---- RECORDS SHOWN

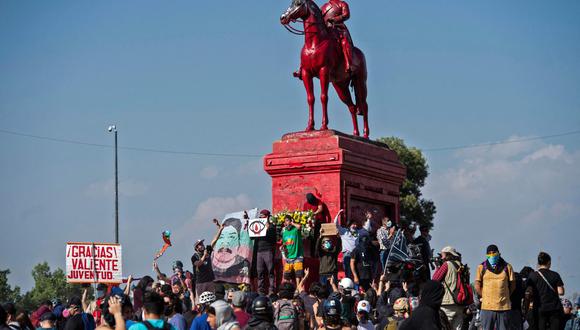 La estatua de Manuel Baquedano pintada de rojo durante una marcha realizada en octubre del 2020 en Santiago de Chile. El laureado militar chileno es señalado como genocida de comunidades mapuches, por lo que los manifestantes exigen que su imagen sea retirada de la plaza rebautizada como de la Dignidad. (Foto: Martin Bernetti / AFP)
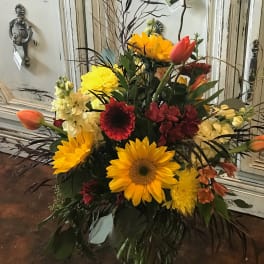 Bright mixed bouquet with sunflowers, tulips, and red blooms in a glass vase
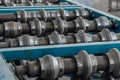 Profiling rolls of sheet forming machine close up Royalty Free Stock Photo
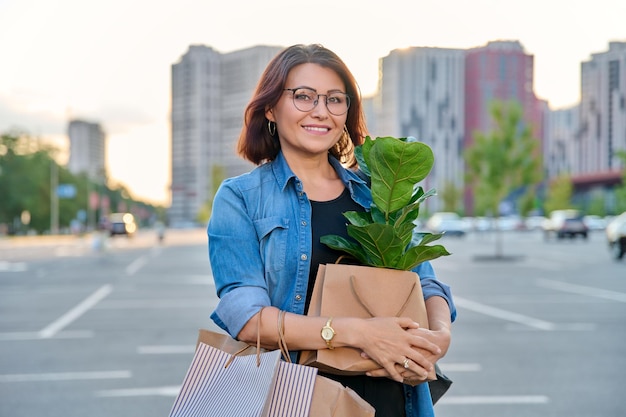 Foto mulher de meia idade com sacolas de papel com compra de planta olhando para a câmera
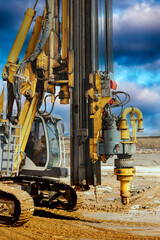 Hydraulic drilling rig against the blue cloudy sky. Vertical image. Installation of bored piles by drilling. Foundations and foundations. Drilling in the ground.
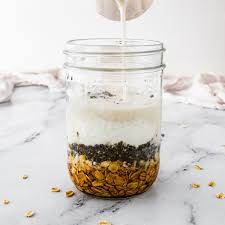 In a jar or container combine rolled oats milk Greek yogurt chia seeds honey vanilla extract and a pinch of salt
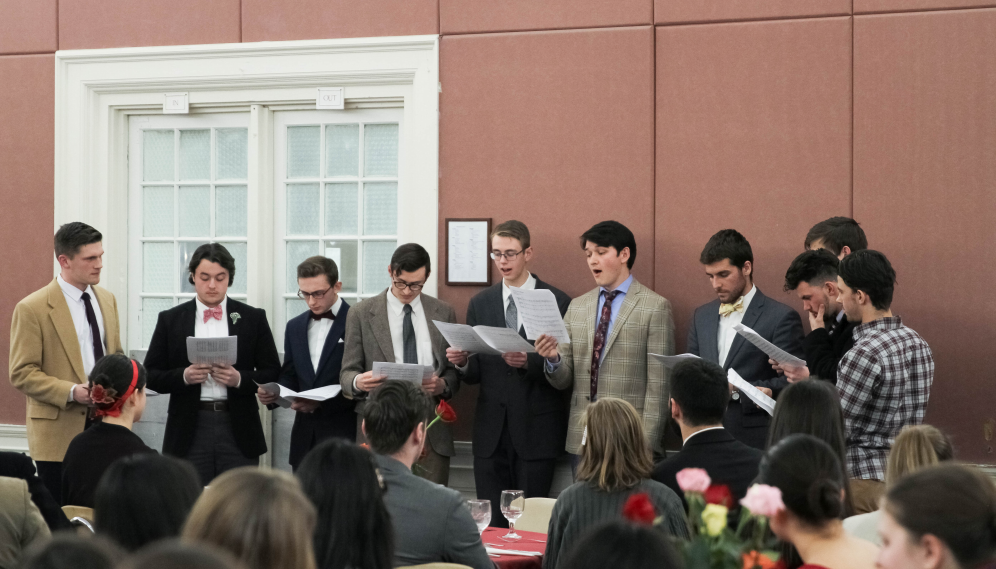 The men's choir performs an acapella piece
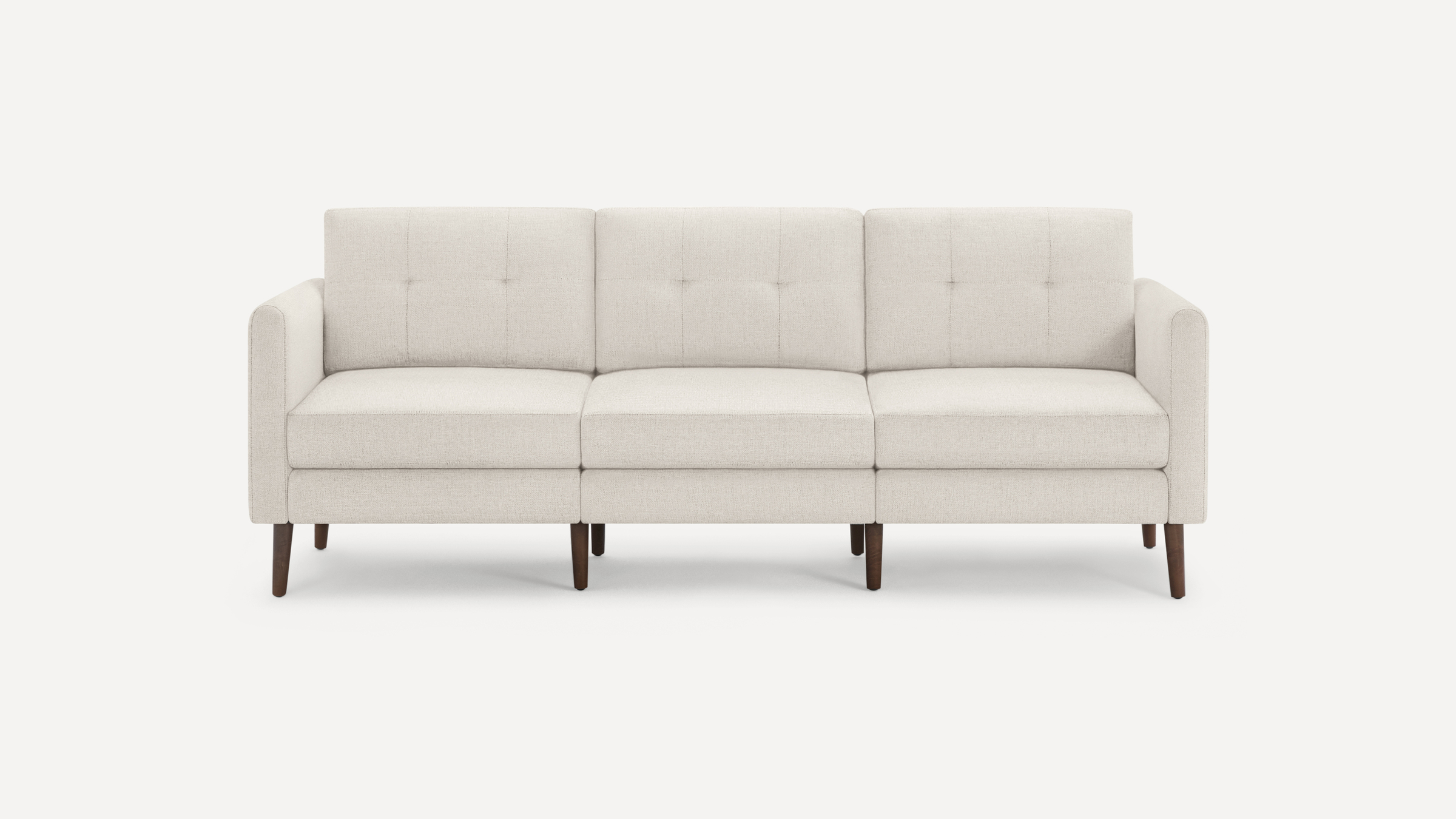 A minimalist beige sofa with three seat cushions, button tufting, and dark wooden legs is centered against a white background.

--------

§ WHAT IS NEEDED:
The data above must be given again in full and unaltered, minus its images.

§ SOLUTION TO THE EXERCISE:
 La estatua de Manuel Baquedano pintada de rojo durante una marcha realizada en octubre del 2020 en Santiago de Chile. El laureado militar chileno es señalado como genocida de comunidades mapuches, por lo que los manifestantes exigen que su imagen sea retirada de la plaza rebautizada como de la Dignidad. (Foto: Martin Bernetti / AFP)
 Bright mixed bouquet with sunflowers, tulips, and red blooms in a glass vase
 Profiling rolls of sheet forming machine close up Royalty Free Stock Photo
 Foto mulher de meia idade com sacolas de papel com compra de planta olhando para a câmera
 Hydraulic drilling rig against the blue cloudy sky. Vertical image. Installation of bored piles by drilling. Foundations and foundations. Drilling in the ground.
 In a jar or container combine rolled oats milk Greek yogurt chia seeds honey vanilla extract and a pinch of salt
 The men's choir performs an acapella piece
 A minimalist beige sofa with three seat cushions, button tufting, and dark wooden legs is centered against a white background.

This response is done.